3. Bölüm: "Hücre"

En başından başla
                                    

"Şeyi duydun mu?" Diye sordu Ali elinde ki poğaçadan bir ısırık daha alırken.

Anlamayan gözlerimi gözlerine diktim. "Neyi?"

Ağzında ki yemeği umursamadan konuştu. "Benden duymuş olmada.." gözleriyle servisin içinde ki gardiyanlara bakındı. Ardından ağzında ki lokmayı yutarak kulağıma doğru eğildi. "...yeni gelen mahkumu bugün öldüreceklermiş."

Duraksadım. "Ne?"

Hafifçe geri çekilip yüzüme baktığında yüzünde alaylı bir gülümseme vardı. "Sanırım bazı şeyler Akif müdürün egosunu zedelenmiş."

Kaşlarımı çattım. "Sırf bu yüzden birini mi öldürecek?"

Ali omuz silkerek önüne döndü. "Suçlu bir mahkumun ölmesi kimin umurunda ki.." Onun bu umarsız tavrı hiç hoşuma gitmemişti. Bir şeyler söylemek istesem bile sesimi kestim ve bir süre öylece kaşlarımı çatarak yüzüne baktım.

Birilerinin ölmesi benim umrumdaydı. Ben insanlar yaşasın diye çalışıyordum. Birileri ölsün ve bunu izleyeyim diye değil.

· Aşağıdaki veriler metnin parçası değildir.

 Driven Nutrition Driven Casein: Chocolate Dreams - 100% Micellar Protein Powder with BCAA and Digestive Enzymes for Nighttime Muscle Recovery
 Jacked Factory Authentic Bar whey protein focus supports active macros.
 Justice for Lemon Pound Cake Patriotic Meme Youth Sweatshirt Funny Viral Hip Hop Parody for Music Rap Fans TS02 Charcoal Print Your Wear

Daha öncede bu olmuştu. Akif Müdür canı isterse mahkumları öldürüyor yada onlara ölümden beter işkenceler yapıyordu. Ama buna hiç kimse sesini çıkarmıyordu. Herkes hak ettiklerini söyleyip duruyordu. Elbette bir tecavüzcü ölümü ziyadesiyle hak ederdi, ama 15 yaşında karnı aç olduğu için market soyan çocuk benim gözümde ölümü hak etmezdi.

Onlar işine geldiği gibi hareket ediyor. Sonra da buna adalet diyorlardı.

Karagöz'e ulaşana kadar düşüncelerimin zehiriyle boğuşup durdum. Araba büyük üzeri keskin tellerle örtülü duvarın önünde durduğunda, herkes sırayla arabadan indi. En son ben indiğimde soğuk ve kuru bir hava vurdu bedenime. Girişteki güvenliklere sırayla kart okutup öyle içeri geçiyorduk ve ben en arka sıradaydım.

Gözlerim dalgın dalgın çevremizi kaplayan ormanda dolanıyordu. Tam sol omzumum üzerinden baktığım dev çınar ağacının yanında bir karartı gördüğümde kaşlarım ortasında tümsek oluşacak şekilde çatıldı. Bakışlarım çınar ağacına yoğunlaşırken karartı aniden kayboldu. O an için bir şey görüp göremediğimden emin olamadım ama içimden bir ses o ağacın arkasında birinin olduğunu söylüyordu.

Tam çınar ağacının arkasına bakmak için harekete geçtiğimde, "Doktor hanım," diye seslenen güvenlik görevlisi ile duraksadım.

Bir yanım gidip o ağacın arkasına gidip bakmak istese de bunu yapmadım. Kartımı güvenlikciye göstererek içeri girdim. İçeride tellerin örttüğü geniş dikdörtgen bir alan vardı. Ve orası mahkumların hava almak için dışarıya çıktıkları kısımdı. Güvenlik için nöbetle telin dört bir yanında beli silahlı gardiyanlar duruyordu.

Tellerin içindeki mahkumların bazılarının bakışlarını hissetsemde kafamı kaldırıp bakmadım o tarafa doğru. Elimde ki kabı daha sıkı tutarak büyük binadan içeri girdim. Ardından hızlı adımlarla 2. Kata çıkarak koridorun sonunda ki revire girdim. Kapıyı ardımdan kapattım. Elimde ki kabı ve telefonu masaya bıraktıktan sonra, montumu ve çantamı çıkararak odanın köşesinde ki askılığa astım. Daha sonra askılıktan beyaz önlüğü alıp, boğazlı siyah badimin üzerine giydim. Önlüğü altından kalan siyah saçlarımı çıkarıp belime doğru salarken masama doğru ilerledim.